> **EXERCISE**
Reproduce, exactly and in full, the lines from the one with "Pieces Marynarka Bozzy" through the one with "WMAR 2 News" in the data below; drop pictures.

> **EXERCISE INPUT**
- - -
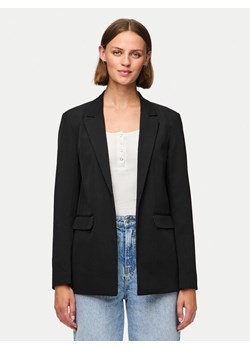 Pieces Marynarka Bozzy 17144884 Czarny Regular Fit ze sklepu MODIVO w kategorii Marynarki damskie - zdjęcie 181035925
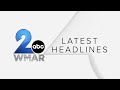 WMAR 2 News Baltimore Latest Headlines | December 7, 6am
- - -
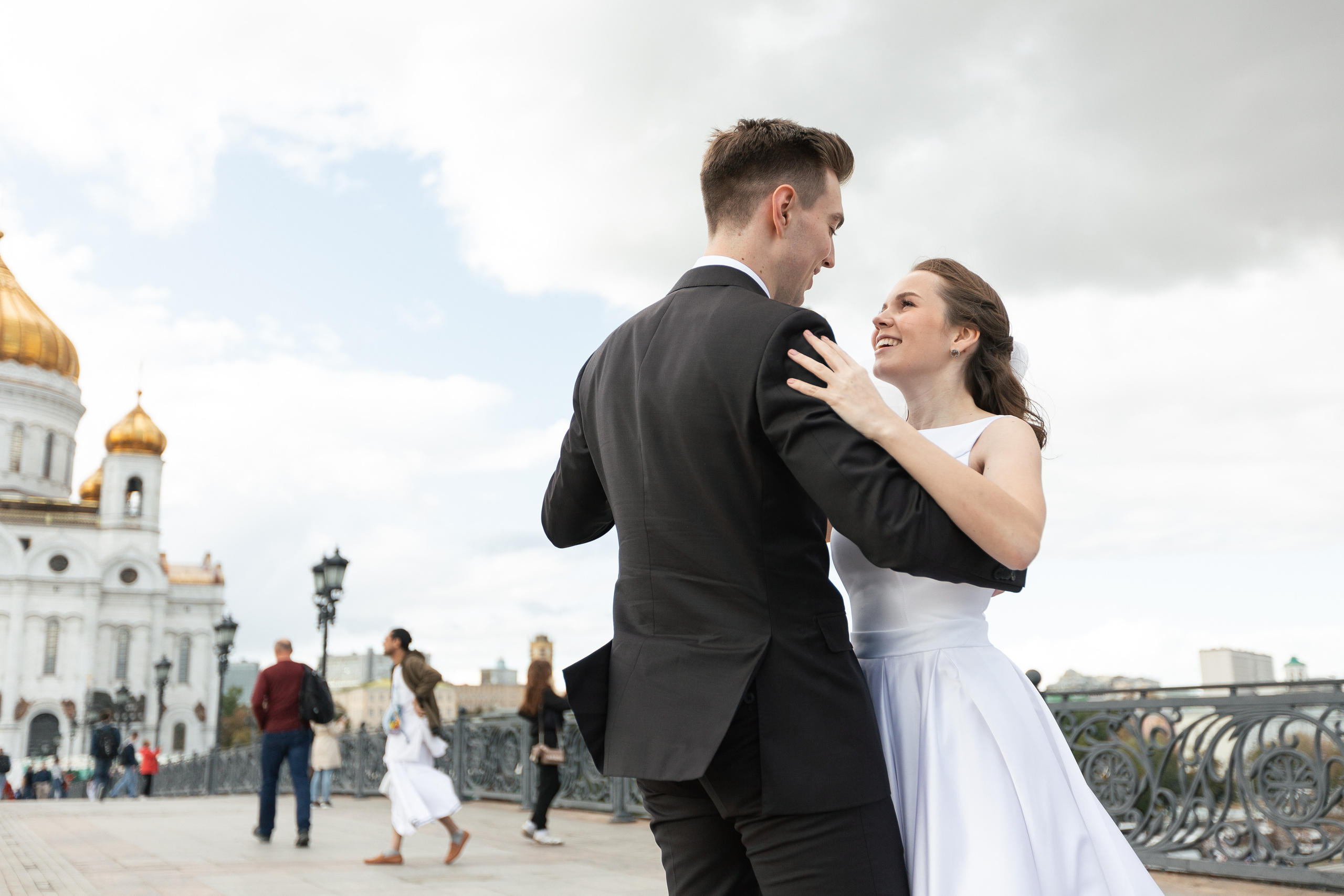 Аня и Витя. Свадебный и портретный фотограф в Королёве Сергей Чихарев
- - -
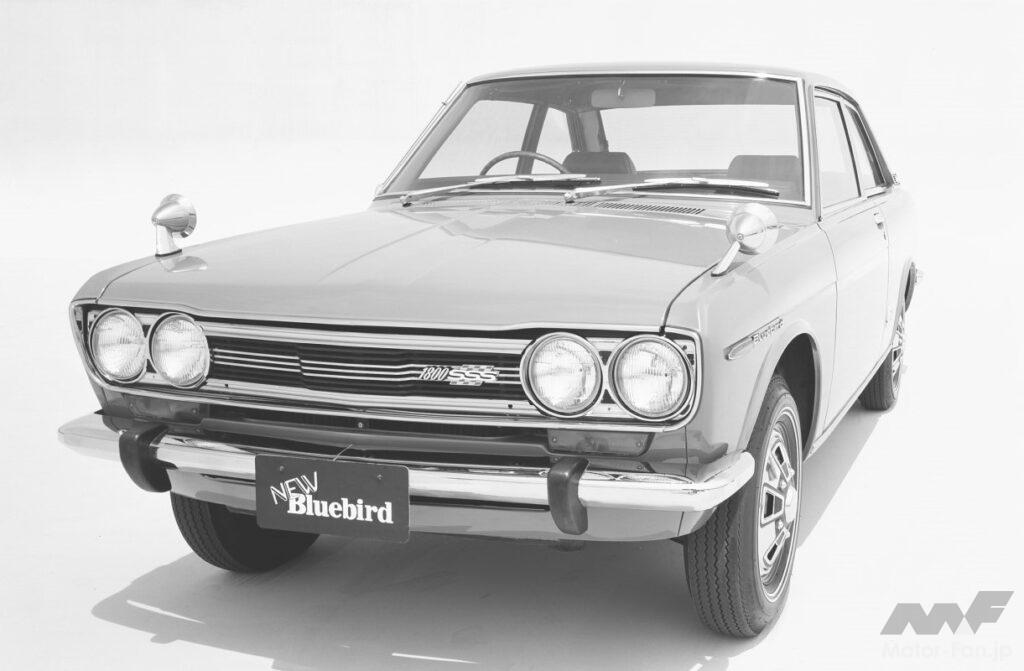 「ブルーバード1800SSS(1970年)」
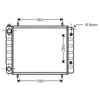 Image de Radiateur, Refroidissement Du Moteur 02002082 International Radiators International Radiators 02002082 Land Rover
- - -
> **SOLUTION**
 Pieces Marynarka Bozzy 17144884 Czarny Regular Fit ze sklepu MODIVO w kategorii Marynarki damskie - zdjęcie 181035925
 WMAR 2 News Baltimore Latest Headlines | December 7, 6am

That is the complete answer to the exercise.